Monday July 4th 2022
Neural network architecture search for extreme classification and in a partially labeled learning context
Deep learning applications are rapidly expanding and show no signs of slowing down. Neural network topologies are becoming larger and more complex for challenging real-life problems.
This increased complexity necessitates more time and expertise from professionals, as well as a significant financial investment for AI companies.
Neural Architecture Search is a novel Machine Learning paradigm that seeks to determine the best NN architecture for a given problem.

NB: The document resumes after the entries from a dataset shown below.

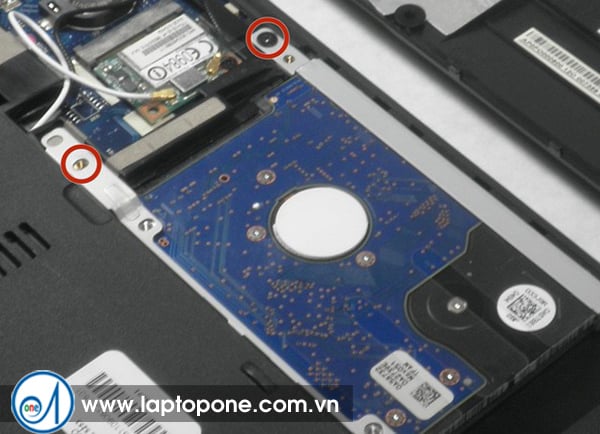 Thay ổ cứng laptop Acer 6231 4520 quận 10 Thay ổ cứng laptop Acer 6231 4520 quận 10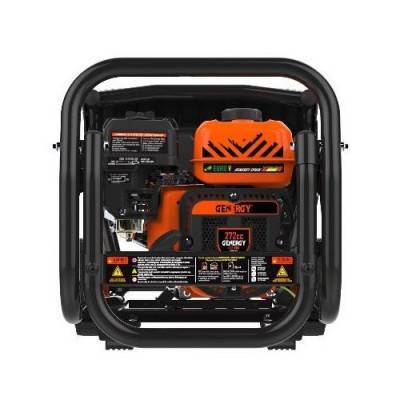 Будкрам купить Генератор  бензиновый GENERGY PANTICOSA S 4 кВт Генератор  бензиновый GENERGY PANTICOSA S 4 кВт 4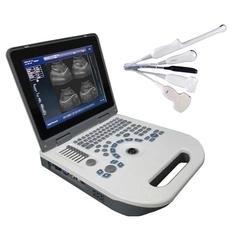 Wholesale ultrasound: TGC Control Notebook Ultrasound Scanner for Pregnancy Home Use
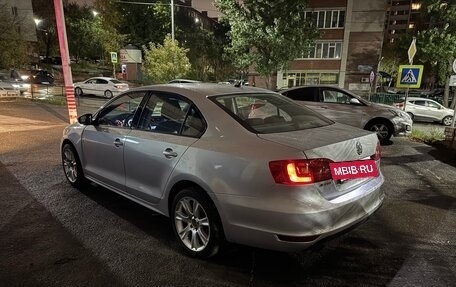 Volkswagen Jetta VI, 2014 год, 780 000 рублей, 11 фотография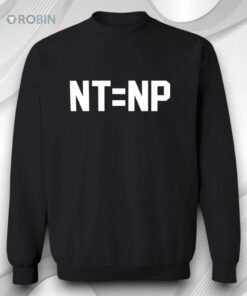 Will Muschamp NT Equals NP Shirt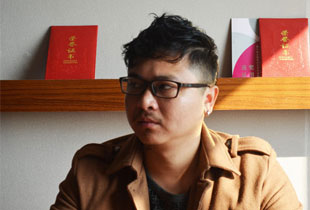 上一篇：秦威：说说陶瓷厂的那些事儿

NAS techniques, on the other hand, have only been studied and developed in limited, well-defined Machine Learning problems, which are not representative of all existing ML scenarios.

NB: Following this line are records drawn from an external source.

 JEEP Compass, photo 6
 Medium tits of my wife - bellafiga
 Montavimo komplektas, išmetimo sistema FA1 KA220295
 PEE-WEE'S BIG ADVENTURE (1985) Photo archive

This thesis focuses on the research and development of the NAS approaches for new tasks as well as a new learning framework that is more relevant to real-world applications.
We suggested using a neuro-evolutionary NAS framework to solve the extreme multi-label classification challenge in particular.
We combined convolution and recurrent networks to provide a more appropriate space search for this assignment.
On several datasets, we evaluate the performance of the searched network. We also looked at the challenge of reconstructing an RSSI map, which is a more difficult process due to the lack of input data and the fact that it is only partially annotated. In this way, we provide a system for semantic segmentation task dynamic architecture search with a minimal number of annotated samples. We investigated multiple semi-supervised learning algorithms in this framework to see which one was the most successful at using unlabeled samples.
We looked at a number of strategies, including "traditional" and "new" semi-supervision approaches, as well as self-supervision approaches.